If nothing else, 2019 seems to be fixing up to be a dope-ass year for space exploration. Yesterday, NASA dropped pictures from Ultima Thule, the farthest object ever explored by a spaceraft. As well, China has announced they’ve landed on the far side of the Moon.
Ars Technica:
Declaring that it has opened a new chapter in lunar exploration, the China National Space Administration announced late Monday night that its Chang’e-4 lander had safely set down on the far side of the Moon. No spacecraft has ever made a soft landing there.
According to state media, a Beijing-based control center commanded the spacecraft to begin the landing procedure at 9:15pm ET Monday (10:15am, Tuesday, local time), from an altitude of 15km above the lunar surface. During an 11-minute descent, Chang’e-4 slowed its speed from 1.7 km/s to nearly zero before it landed in the Von Karman Crater in the South Pole-Aitken Basin. This is in the mid-southern latitudes of the Moon on its far side; it should offer important scientific information about Earth and the early Solar System.

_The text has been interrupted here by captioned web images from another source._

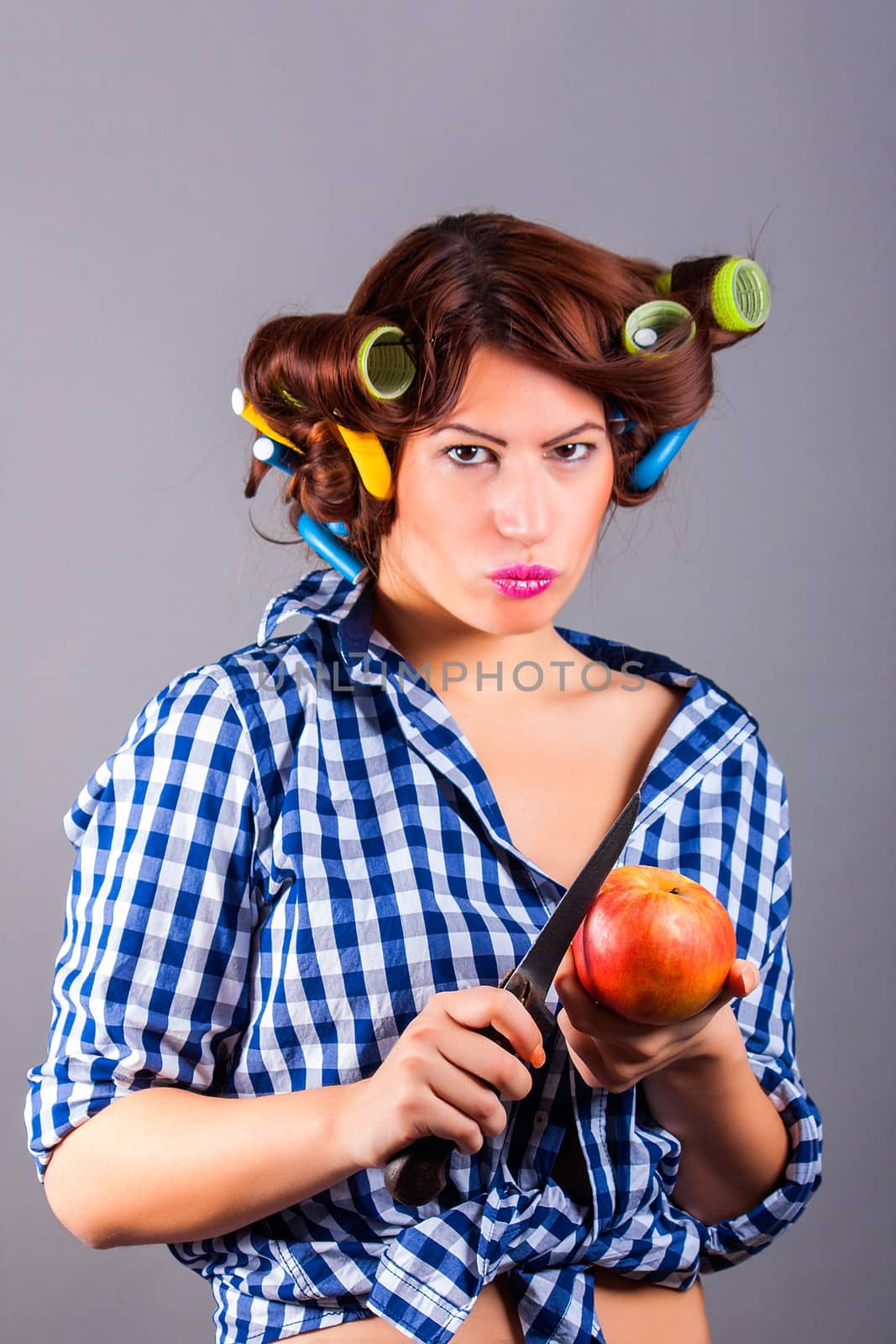 beautiful housewife with curlers holding apple and the knife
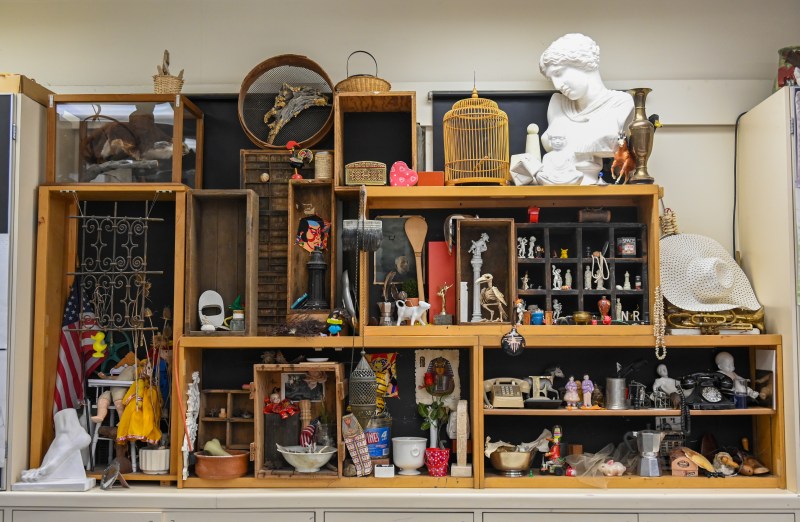 Items on shelves in an arts classroom.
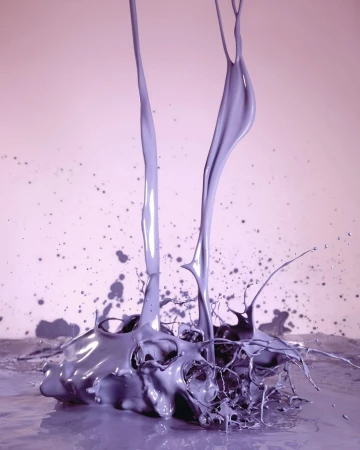 High speed photography capturing two streams of purple paint splashing and colliding against a pale background
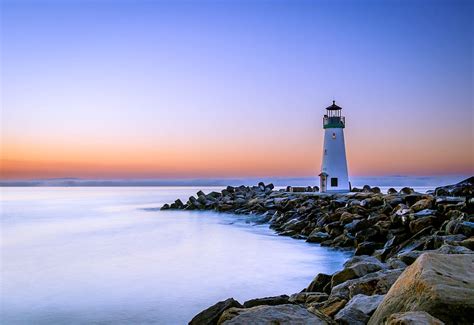 HD wallpaper: Stones, Beach, Lighthouse, Sunset, 5K | Wallpaper Flare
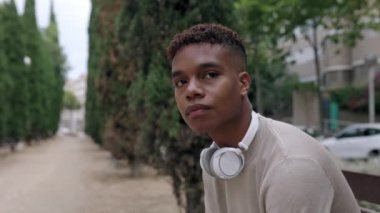 Dışarıda bankta oturan kulaklıklı Afro-Amerikalı genç bir adam. Milenyum öğrencisi çocuk parkta birini bekliyor. Yüksek kalite 4k görüntü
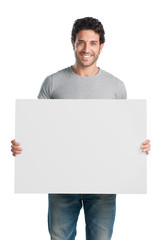 Smiling guy with sign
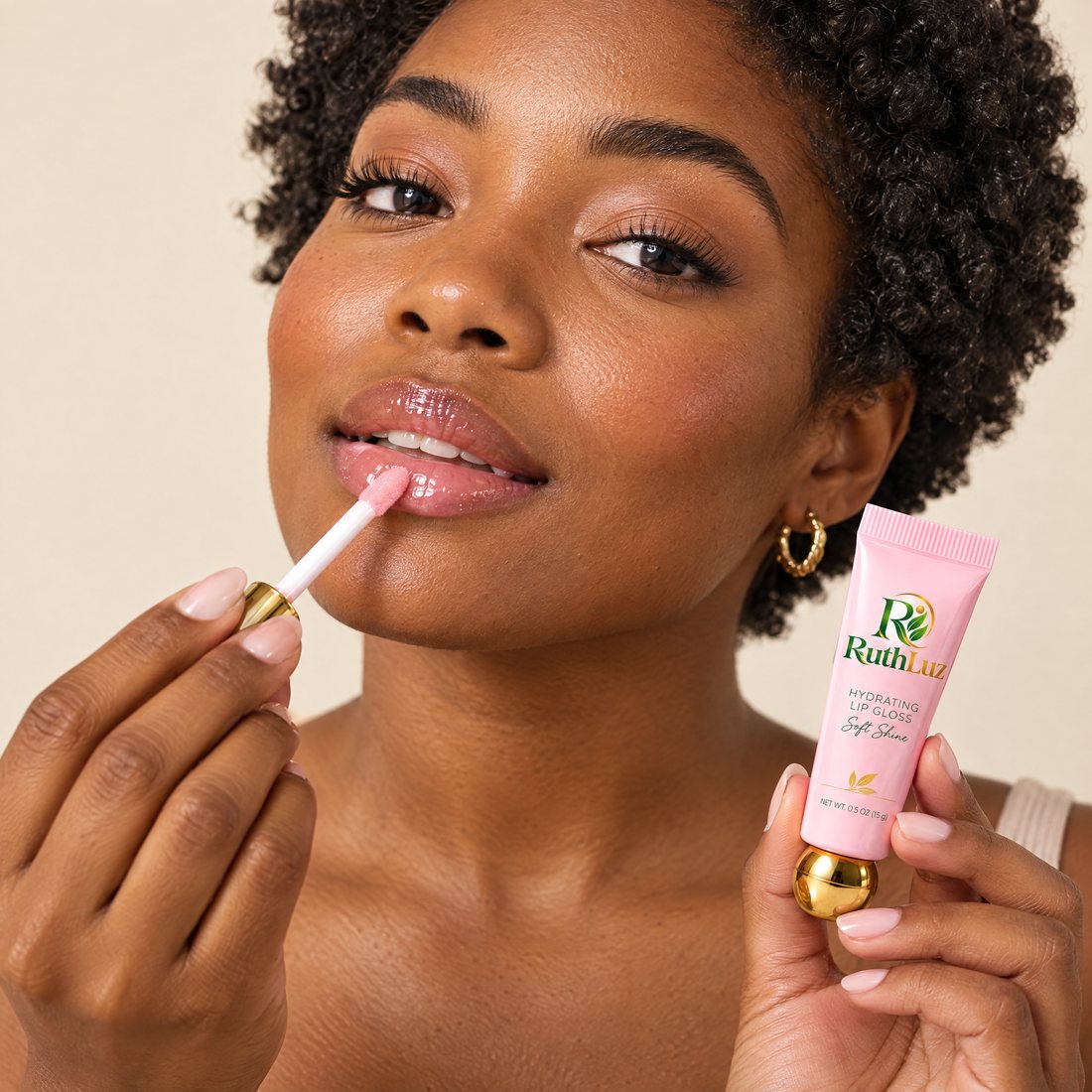 A woman applying RuthLuz Hydrating Lip Gloss with the applicator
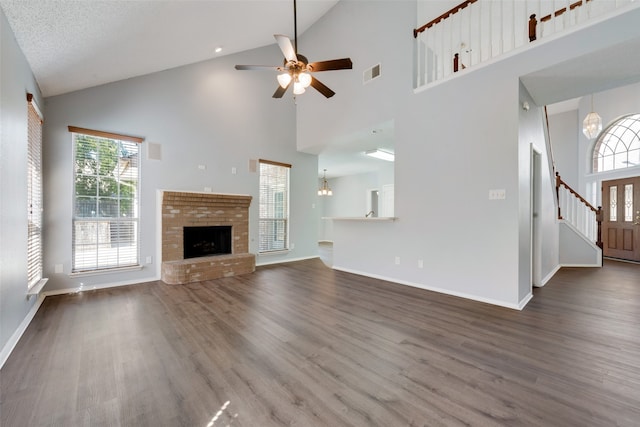 unfurnished living room featuring a brick fireplace, ceiling fan with notable chandelier, and high vaulted ceiling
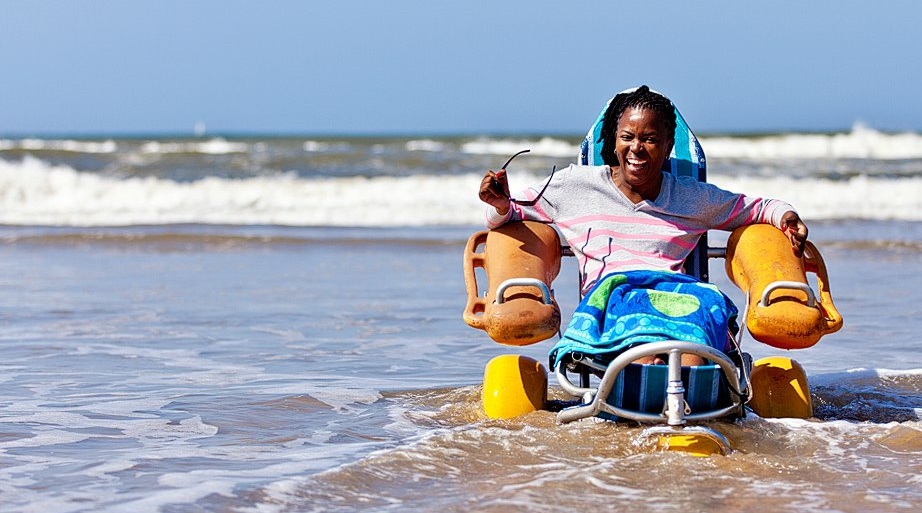 A smiling lady in a beach wheelchair has fun in the shallows at the beach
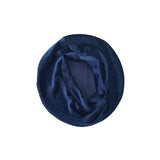 Navy blue velvet beret on a white background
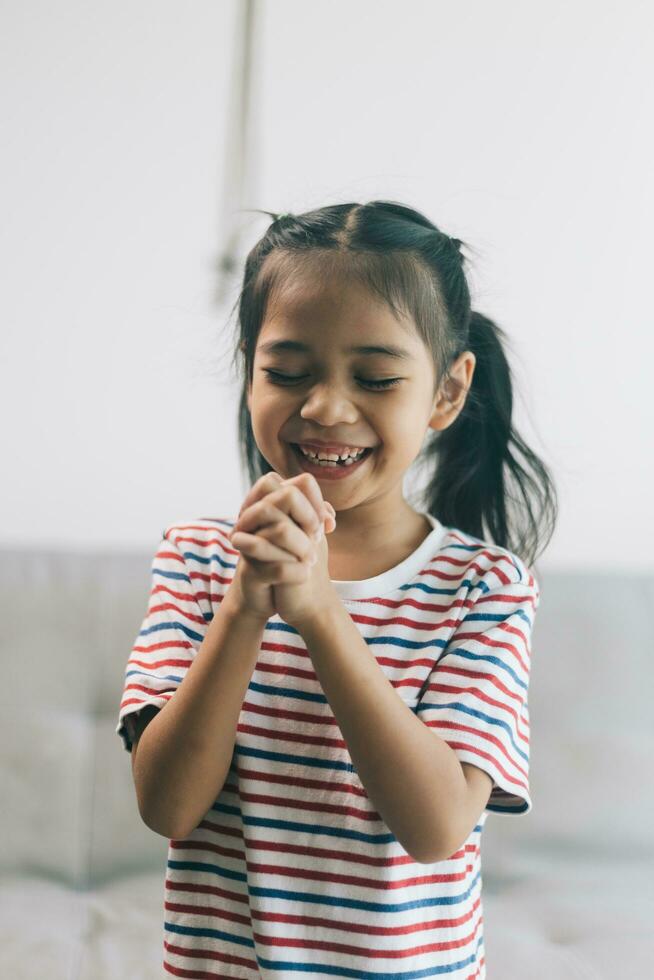 retrato de contento asiático pequeño niño niña sonriente y jugando a hogar foto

The 1.2-ton lander is made from backup components of the Chang’e-3 mission, which China’s space program landed on Mare Imbrium on the near side of the Moon five years ago. Shortly after landing, Chang’e-4 returned a photo of the lunar surface by way a relay satellite in lunar orbit, named Queqiao, meaning Magpie Bridge.
Soon—if not already—the lander will deploy a rover named Yutu II (Jade Rabbit II). The 140kg rover will collect high-resolution images, and Chinese scientists designed it to study the lunar surface and area just beneath the surface, as well as the radiation environment on the far side of the Moon.